"Our deepest fear is not that we are inadequate. Our deepest fear is that we are powerful beyond measure." - Marianne Williamson
Like some parents say about their kids, I would say that my blog is a reflection of my personality.
Earlier during the inception of this blog, I struggled with a friend’s accusation of my coming off sounding too preachy, that it might turn people off, and so, I considered not writing my blog. But other friends began emailing me, telling me they’ve become accustomed to reading things in my blog that would make them smile or laugh, or give them the spiritual recharge they needed, and they encouraged me to continue writing what was in my heart.
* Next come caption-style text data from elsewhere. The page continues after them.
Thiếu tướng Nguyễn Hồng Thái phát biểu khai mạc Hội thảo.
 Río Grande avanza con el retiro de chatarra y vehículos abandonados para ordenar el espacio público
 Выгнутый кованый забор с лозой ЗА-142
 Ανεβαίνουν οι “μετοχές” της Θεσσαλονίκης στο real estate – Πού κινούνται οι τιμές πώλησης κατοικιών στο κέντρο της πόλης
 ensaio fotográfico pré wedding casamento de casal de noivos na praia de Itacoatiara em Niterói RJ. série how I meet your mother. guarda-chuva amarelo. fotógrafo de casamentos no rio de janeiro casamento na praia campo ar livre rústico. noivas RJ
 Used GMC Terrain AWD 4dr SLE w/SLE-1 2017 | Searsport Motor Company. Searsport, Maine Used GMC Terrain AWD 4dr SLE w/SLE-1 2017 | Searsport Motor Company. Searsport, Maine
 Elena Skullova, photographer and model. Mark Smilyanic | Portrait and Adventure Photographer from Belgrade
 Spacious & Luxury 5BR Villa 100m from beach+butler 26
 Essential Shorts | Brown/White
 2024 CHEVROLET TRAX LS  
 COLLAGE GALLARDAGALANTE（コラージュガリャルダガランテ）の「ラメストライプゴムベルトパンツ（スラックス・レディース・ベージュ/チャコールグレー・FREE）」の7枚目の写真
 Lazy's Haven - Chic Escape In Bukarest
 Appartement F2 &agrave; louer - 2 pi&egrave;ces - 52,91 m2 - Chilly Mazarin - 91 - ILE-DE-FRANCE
Secular themes as well as non-secular themes.
I write the way I speak.
When I was a child, on three separate occasions, people have told my mother that I will be a preacher; first, a babysitter in Brooklyn NY, then years later a pastor in Racine, Wisconsin, then a few years later at that same church, a pastor who was a guest during a revival at our church, pointed to my mother in the crowd, telling her that her son (me) was going to be called to preach. As far I feel, I haven’t received that direct calling.
I’m a shy person. When I mention that to my best friend, he laughs. I have to agree with him when he corrects me and says I’m ‘situationally shy’; I approach the idea of meeting new people with a feeling of dread for fear of not being able to come up with the most interesting or unique thing to say initially or the funniest, or sharpest, response. I guess other people's opinions are very important to me ( I'm working on that). If I am successful with my opening line, I then worry that I may not be able to follow up with more. Signs of encouragement is when I find someone with whom I have something in common, or someone that talks a lot. My best friend understands me. He knows me. He has seen me command conversations, but it takes certain situations to open me up.
I say all that to say, should I get that calling to preach, I will take it on. In the meantime, rather than stand in a pulpit, I’ll occasionally write what’s in my heart with the hope I can share a sad or frustrating moment that someone would read and know that those things just don’t happen to them, or to make someone smile or laugh, or feel good about themselves or at peace. I know that that’s what I would want to read. I have also searched through my blog for those very same things, whenever I needed a smile, a laugh, or to feel good about myself or to get some peace.
Should my mother happen to find my blog, I would want her to find something that applies to her. Should my 14 yr old nephew happen to find my blog, I would want him to find something that applies to him as well.
So that’s my blog’s personality.
What is your blog's personality? What message are you trying to convey?